- Data extract:
::::

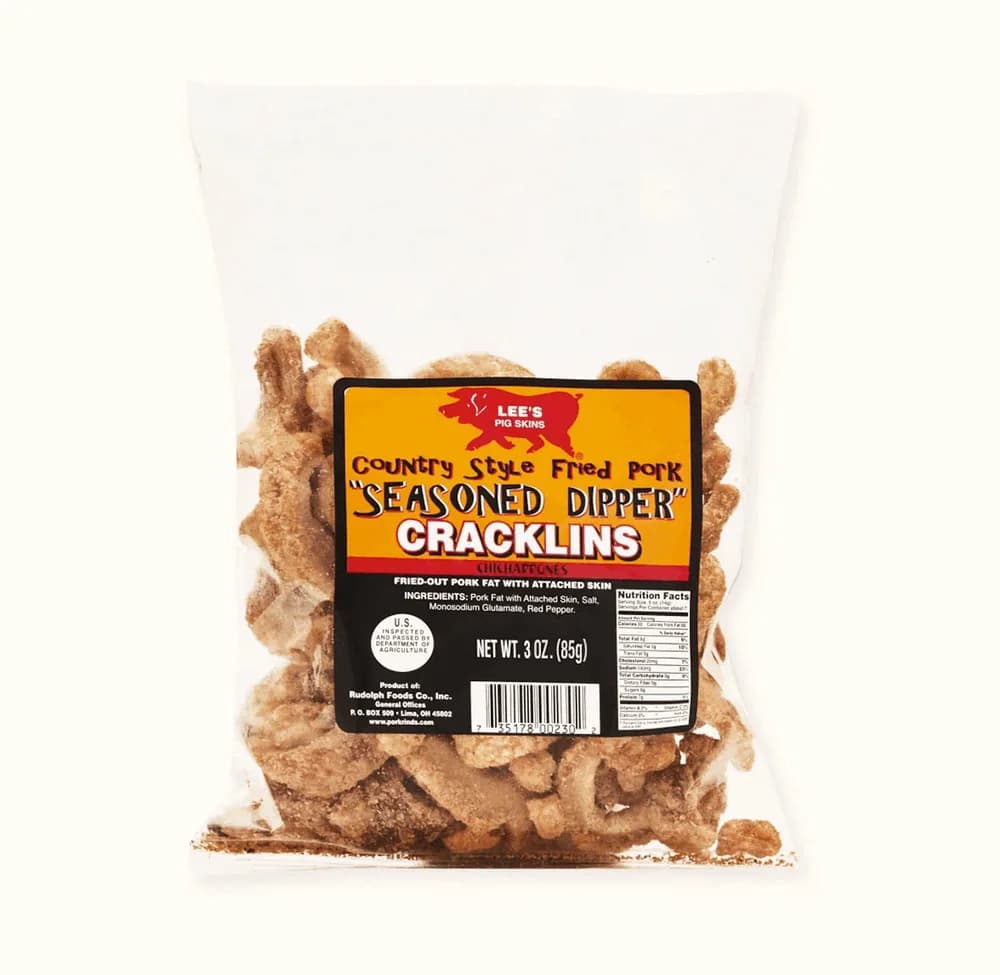 Lee's Dippers - Seasoned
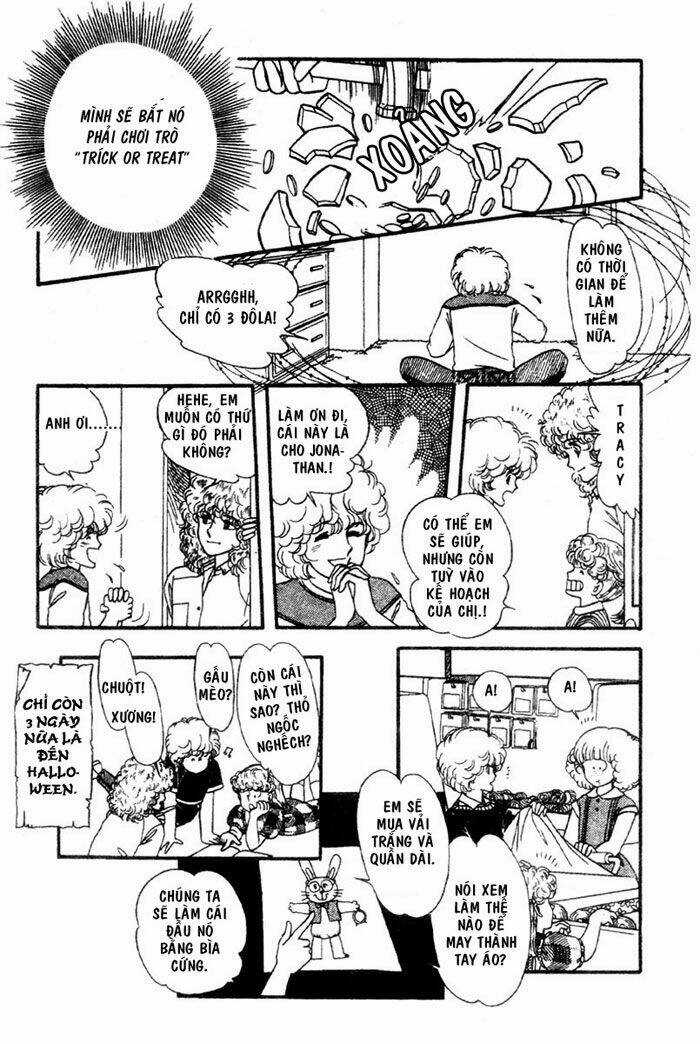 Family! - Chapter 4 - Trang 24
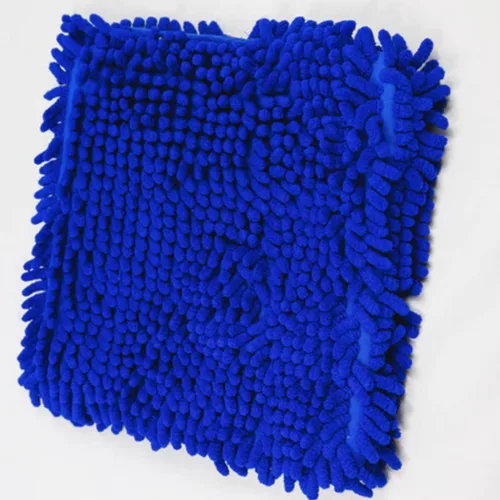 Vista 7 de Gliptone Cuidado profesional del coche Softouch Precision Clenz Neutral pH Microfiber Wash Pad (negro)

::::

- What to work on: Leave the pictures out and copy exactly the lines from the one that holds "Family! - Chapter 4 - Trang 24" through the last line of the material.

- Expected answer:
 Family! - Chapter 4 - Trang 24
 Vista 7 de Gliptone Cuidado profesional del coche Softouch Precision Clenz Neutral pH Microfiber Wash Pad (negro)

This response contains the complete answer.